Charles Lindbergh or his plane the Spirit of St. Louis might not be remembered by the world if an Italian seaplane The Santa Maria had not sunk to the bottom of Roosevelt Lake.
The Santa Maria, a Savoia Marchetti SM-55 torpedo bomber made of spruce, ash and fabric, left the Cagliari, Sardinia on February 13, 1927 on a goodwill tour. Italian Navy Commander Francesco Marquis de Pinedo, along with co-pilot Captain Carlo del Prete and mechanic Lieutenant Vitale Vacchetti had come 23,000 miles across the Atlantic, reaching Arizona in the southwestern United States.
Rough-water stability was provided the plane via twin hulls. A thick internally-based cantilever wing spanned 78 feet. A pair of 400 horsepower V-type Issota Frascini engines were mounted back-to-back above the wing on struts. While one propeller pulled, the other pushed.
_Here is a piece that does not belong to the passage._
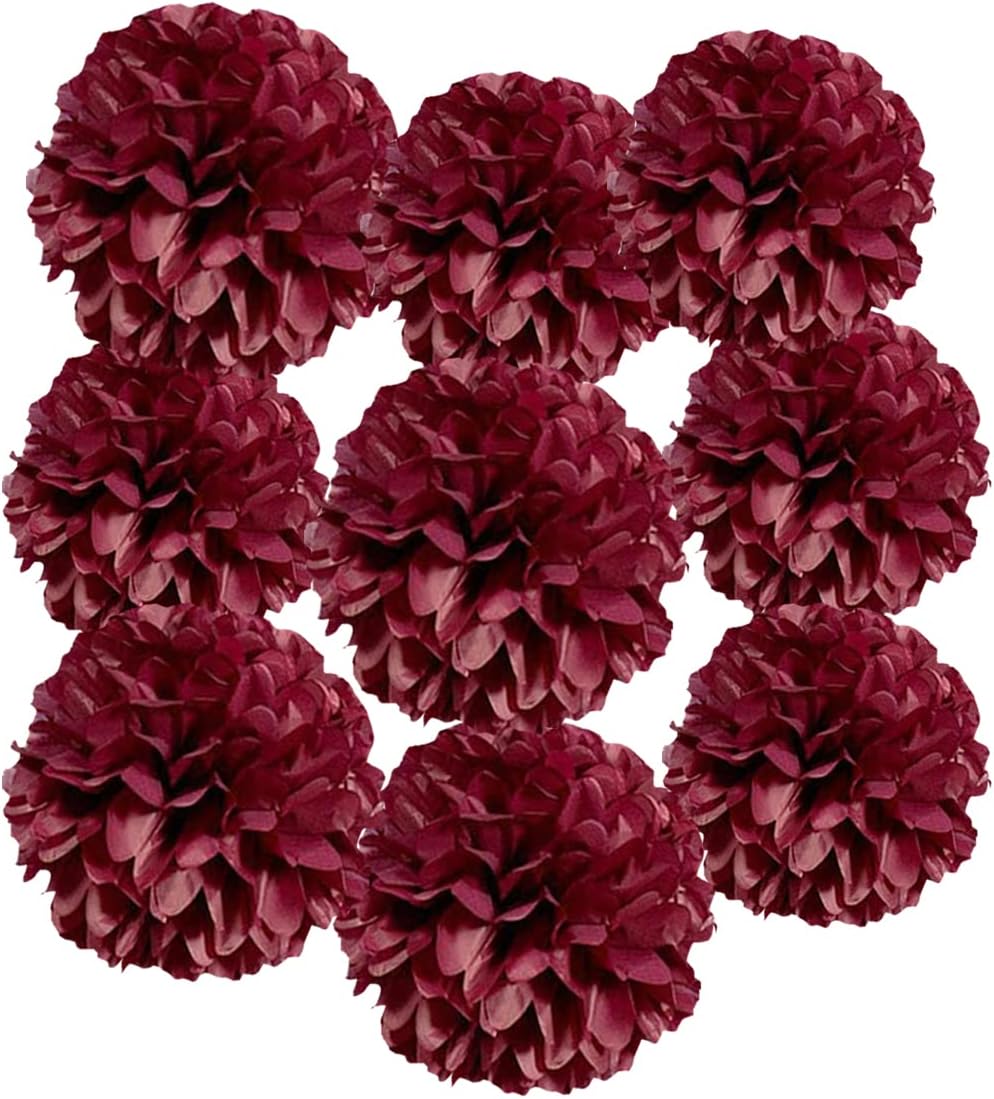 12pcs 10in 12in Burgundy Paper Pom Poms Tissue Paper Flower Hanging Paper Flower Balls Wedding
An open cockpit for the crew sat in the center section of the wing, between the two propellers. The aircraft weighed six tons and could fly 127 miles per day. It could not be caught by biplane fighters of the day. Extra gasoline tanks replaced heavy armament.
De Pinedo wanted to find lakes where the plane could refuel while he was over the Southwest. The Santa Maria left Elephant Butte Reservoir in New Mexico on April 6th headed for Roosevelt Lake.
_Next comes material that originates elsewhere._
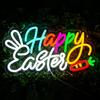 Happy Easter Neon Sign Easter Bunny Neon Light for Wall Decor, USB Powered & Dimmable LED Easter Window Lights for Kids Gifts Bedroom Party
The big silver plane came in over Dutch Woman Butte and landed to the delight of many proud local Italians who were at Roosevelt Lake for the big event. The airplane was worked to a mooring just below the Apache Lodge by two boats with outboard motors.
De Pinedo saw to the refueling and it appeared that more fuel was put into the plane than what it could take off with. A bucket of gasoline was offered by De Pinedo to anyone who wanted it. When no one spoke up, he tossed it overboard and instructed Del Prete and Vacchetti to dump more gasoline. It was then time for lunch at the Apache Lodge.
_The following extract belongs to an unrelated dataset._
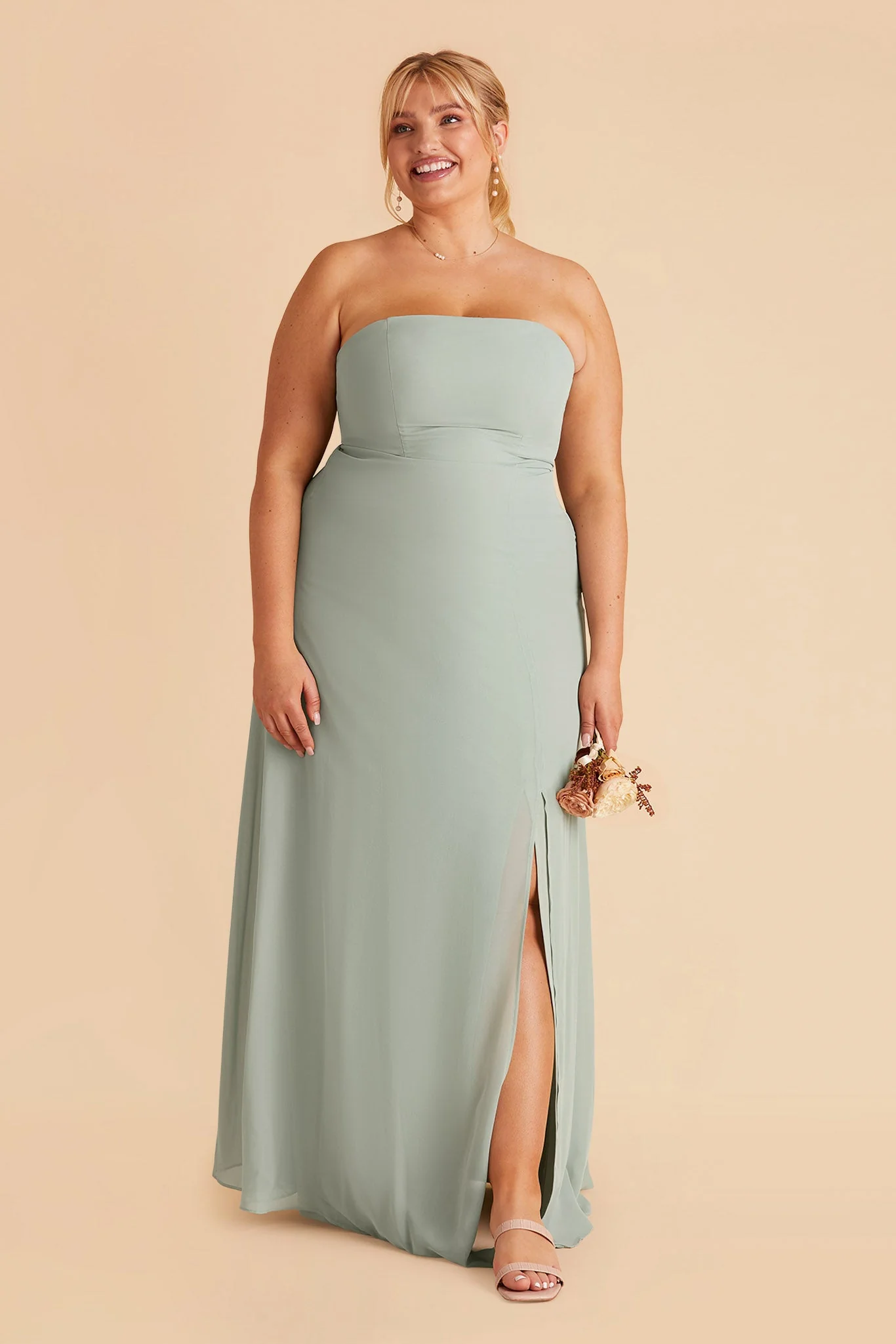 Chris Chiffon Dress - Sage - Image 11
A cry was heard during dessert, and all rushed out to find a pall of black smoke. Fire extinguishers were of no use and The Santa Maria sizzled and sank.
John Thomason, a 17-year boatman, confessed that his cigarette had started the fire.
After shaking hands with the frightened young man, De Pinedo hitched a ride to Phoenix. Eventually he reached New York where another SM-55 arrived via a ship from Rome. Lindbergh flew to Paris on May 21.
Although the Apache Lodge later burned, its foundation remained and became a popular picnic spot.
The airplane is under at least 180 feet of water and 40 or more feet of silt under normal conditions, according to Salt River project engineers.
The original loss was paid to the Italian government by Lloyds of London.
Perhaps someday, someone will launch a major dredging operation and bring up the infamous Santa Maria.